MERCED — The three deans at UC Merced are highly paid, but their role is vital for the growth of their respective schools and the overall advancement of the university, an administrator said.
The three combined make $701,000 a year, not including benefits.
Tom Peterson, provost and executive vice chancellor at UC Merced, said the university tries to offer competitive salaries to staff, faculty and administrators -- including deans -- to get the best talent.
"This is the only rational way to attract and retain the brightest people to the University of California, Merced," he said, who was traveling in the United Kingdom at the time of the interview.
He said their positions are important, especially in a time when the young campus is growing.
UC Merced Chancellor Dorothy Leland will be talking about that subject with the UC Board of Regents today. She will discuss space limitations on campus and the options that are available so that UC Merced can reach its goal of 10,000 students by 2020.
Peterson said a dean's primary responsibility is the academic curriculum within his disciplinary area.

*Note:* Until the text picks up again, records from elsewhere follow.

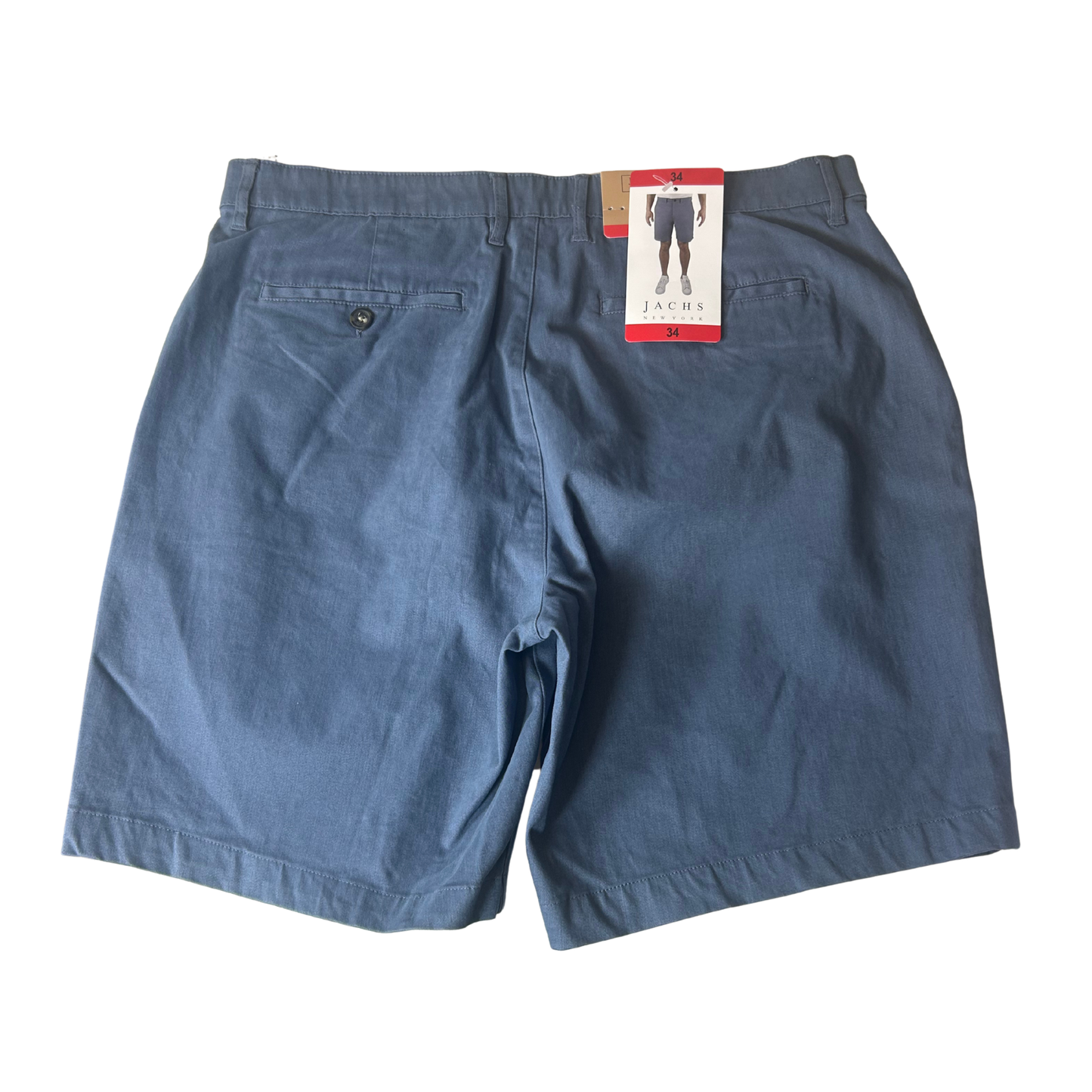 Men’s Performance Stretch Shorts – Blue – Size 34 – Golf & Casual Wear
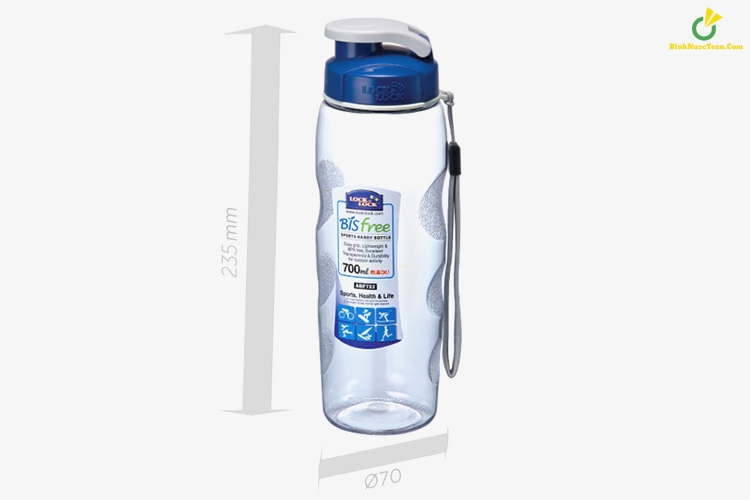 Bình Nước Nhựa Thể Thao LocknLock Tritan ABF722 dung tích 700ml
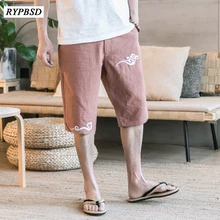 Китайский Стиль Для мужчин льняные Короткие хлопковые шорты Для мужчин льняные шорты Бермуды, Для мужчин s шорты Хо Для мужчин s мужские шорты мужские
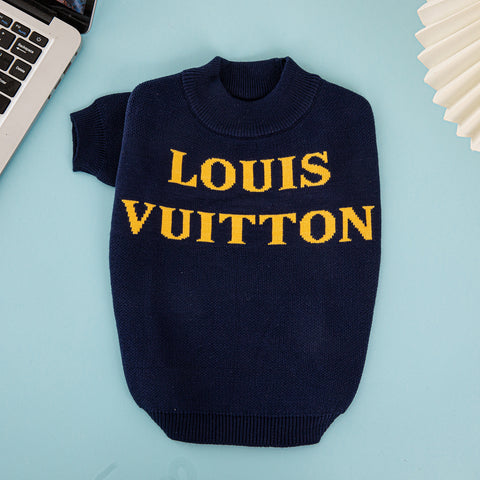 LV Navy Doggo Sweater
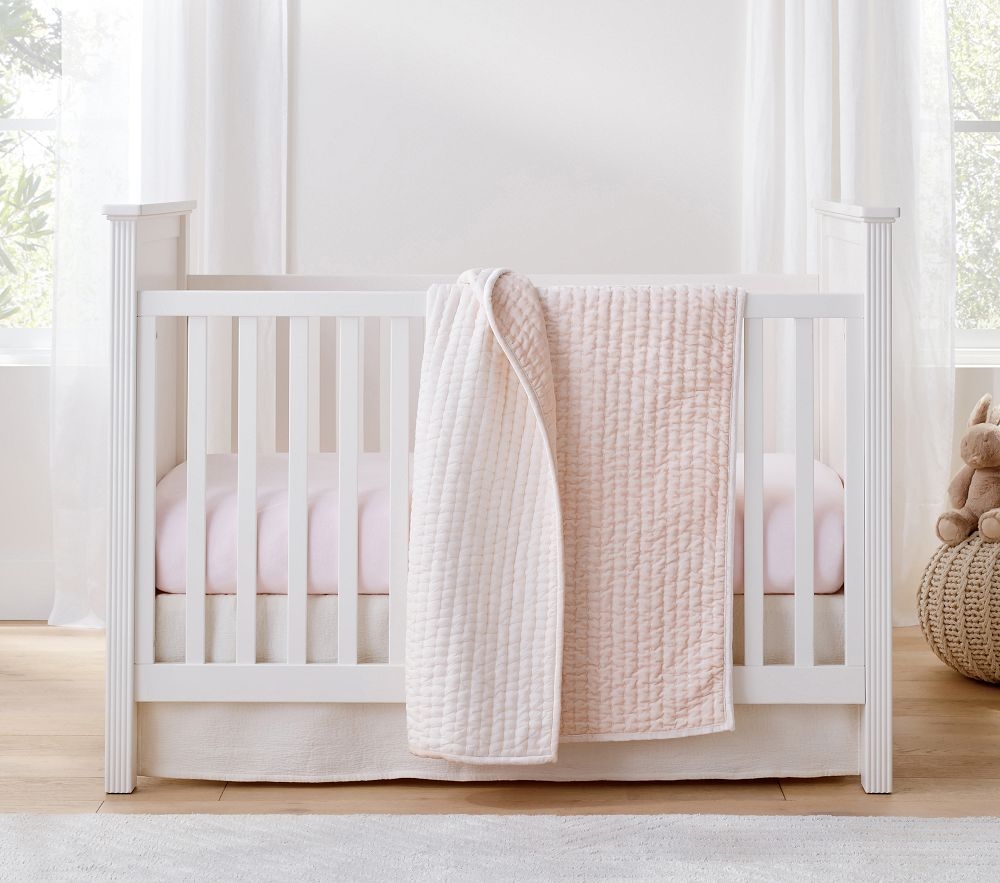 Velvet top crib bumper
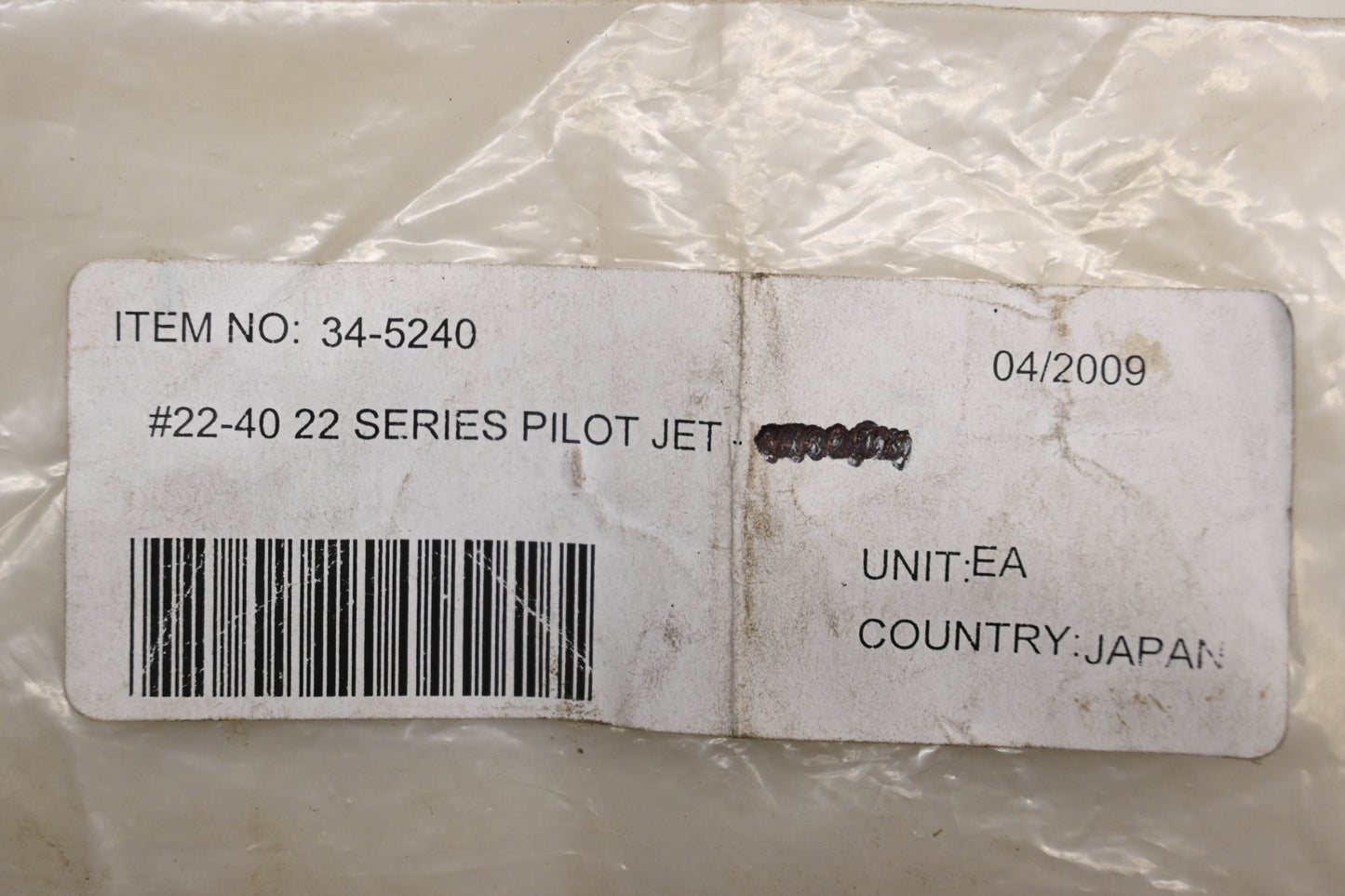 DG 34-5240 Pilot Jet Qty 1 NOS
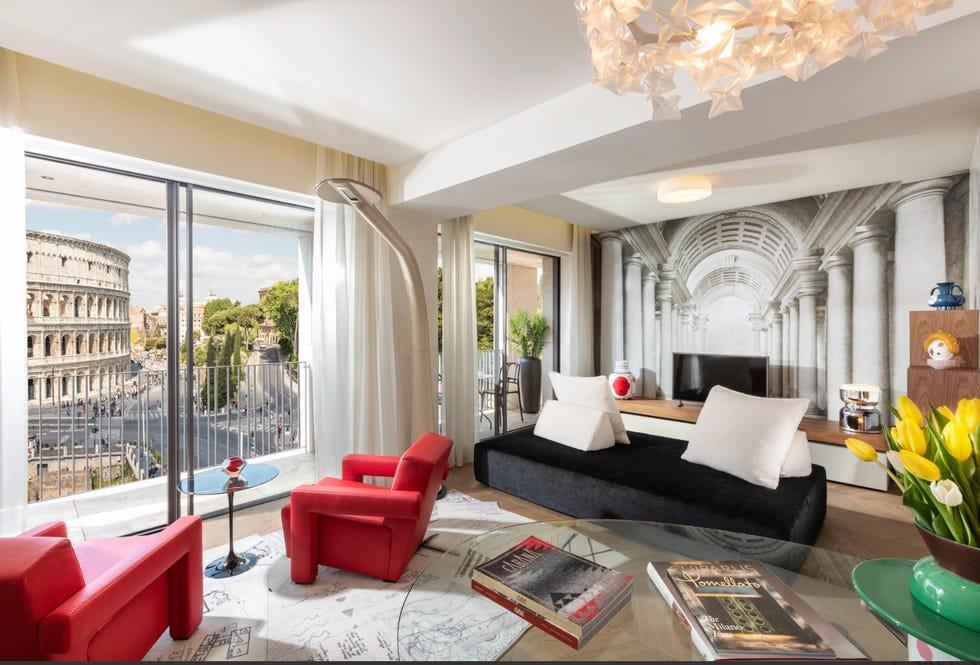 Se réveiller un jour à Rome, l'hôtel avec vue sur le Colisée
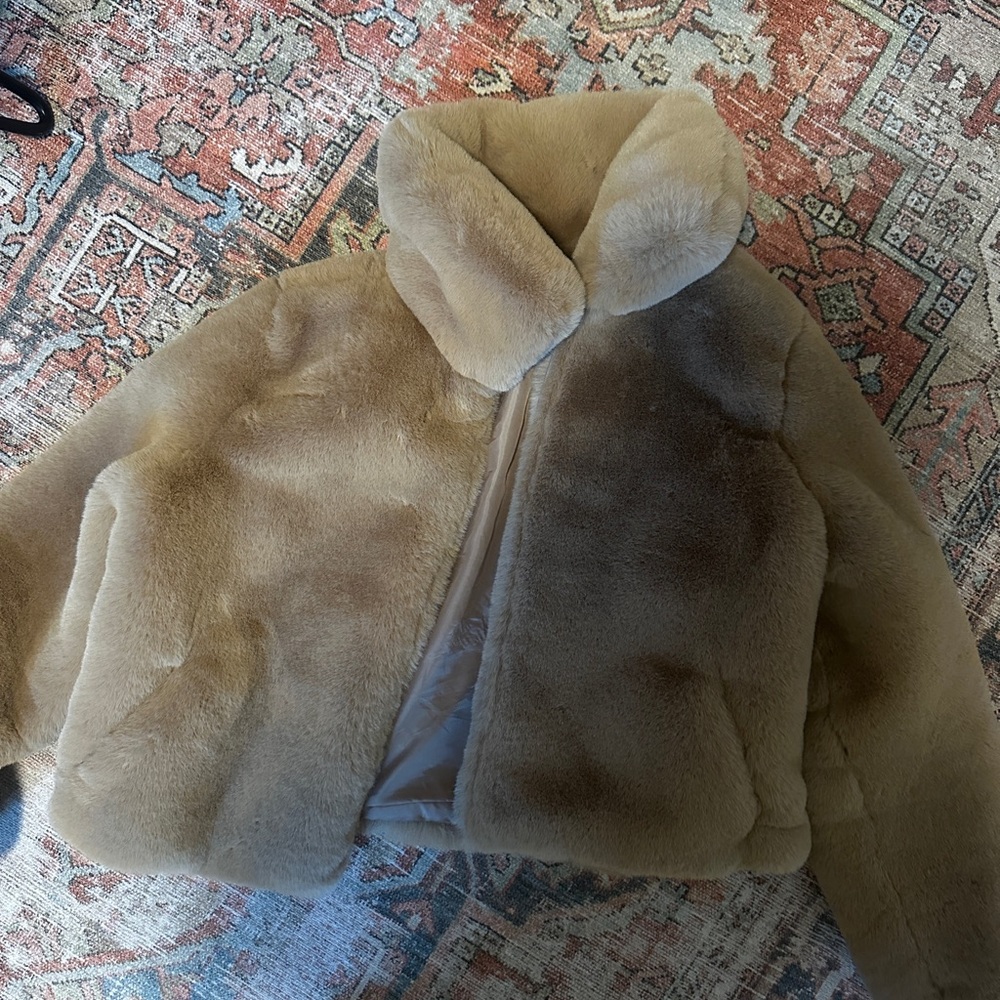Old navy Tan Faux Fur Jacket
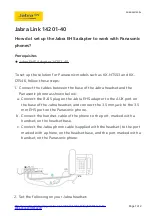 Jabra Link 14201-40 Quick Start Manual preview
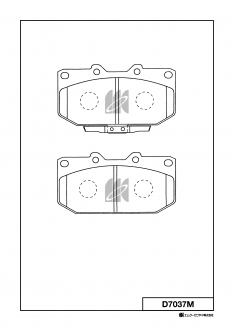 Колодки тормозные передние Kashiyama D7037M Impreza WRX 96-,Legacy RSK 01-03,Forester STI 97 JBP0180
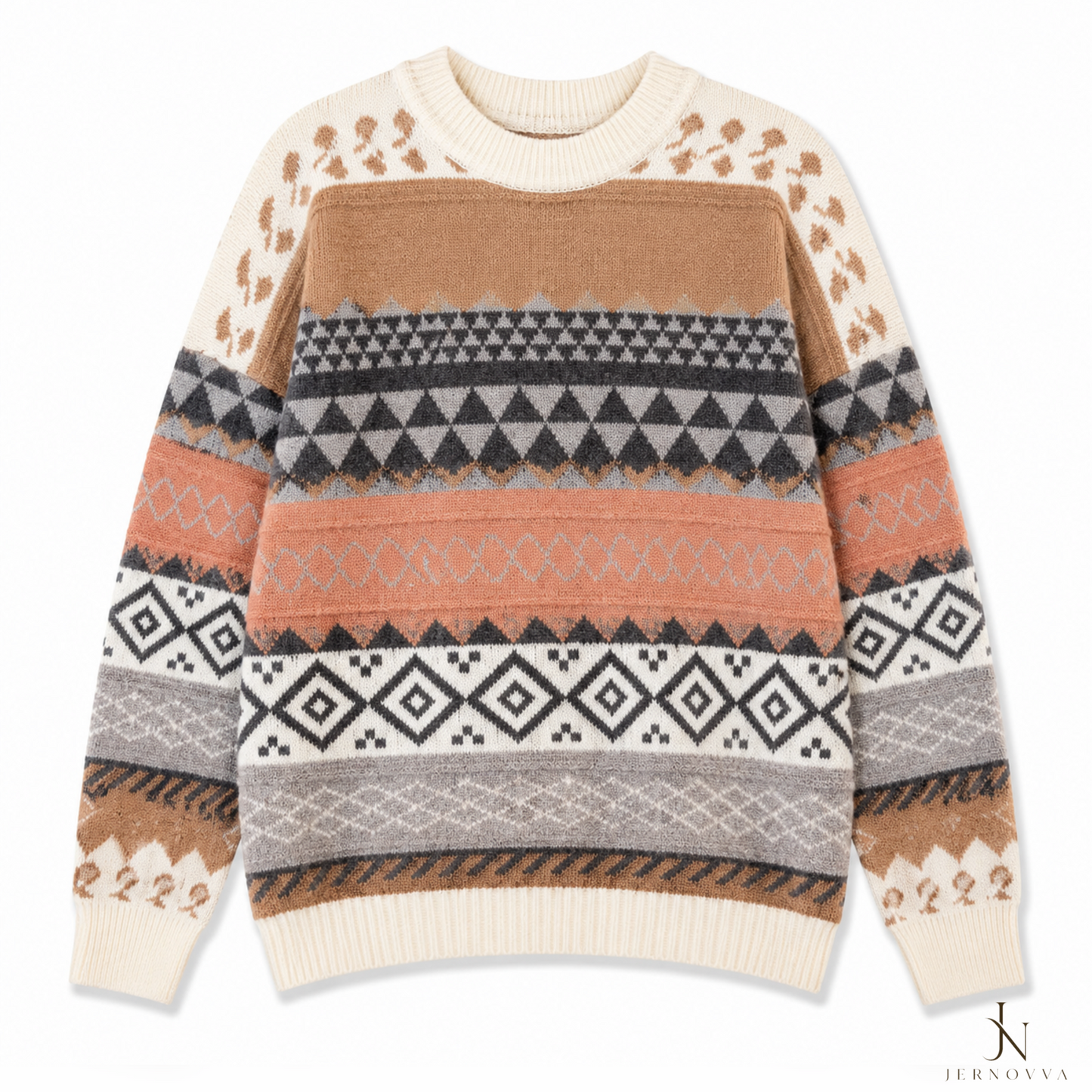 Wool Knit Sweater - Casual Winter Sweater for Women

But nowadays, a dean's duties go far beyond curriculum, he said. To support the faculty in fulfilling their obligation to educate students, deans often are involved in other activities, such as lobbying for resources and prompting their faculty's research.
The highest-paid dean is Dan Hirleman, who earns $256,000 a year for overseeing the School of Engineering.
Juan Meza, dean of the School of Natural Sciences, makes $245,000 a year, and Mark Aldenderfer, dean of the School of Social Sciences, Humanities and Arts, brings home $200,000 annually.
They are the primary contact people in the area and throughout the broader community, as well as alumni and those interested in supporting the educational mission of their programs, Peterson said.
They spend time trying to identify sources of support for their schools, he said.
Meza, the newest dean on campus, said he helps define the mission of his school and how best to achieve it. "We work with faculty to try to decide where we are going in the future," he said.
He's an advocate for the programs within his school and is the point person when dealing with other divisions at the university, Meza said.
"There's lots of examples," he said. "We are under some budget constraints in the state of California and resources are limited.
"The dean's role is to put that best case forward to why we should have more resources."
In his school alone, he wants to hire seven to nine new faculty members by July 1.
Deans are required to do a lot of traveling to help promote the faculty and their research, with the ultimate goal of bringing in more funding, Meza said.
There are several challenges that deans face at UC Merced. One of them is the lack of space, Meza said. "We are running up against our limitations right now," he said.
Another challenge is getting the word out about the university.
"It takes a while for a professional network to know that there's a new university," he said.
Despite the challenges, Meza remains optimistic the campus will continue to flourish.
"We are a very young and very vibrant school," he said. "We have a lot of energy that I think it's going to translate into a lot of success in the future."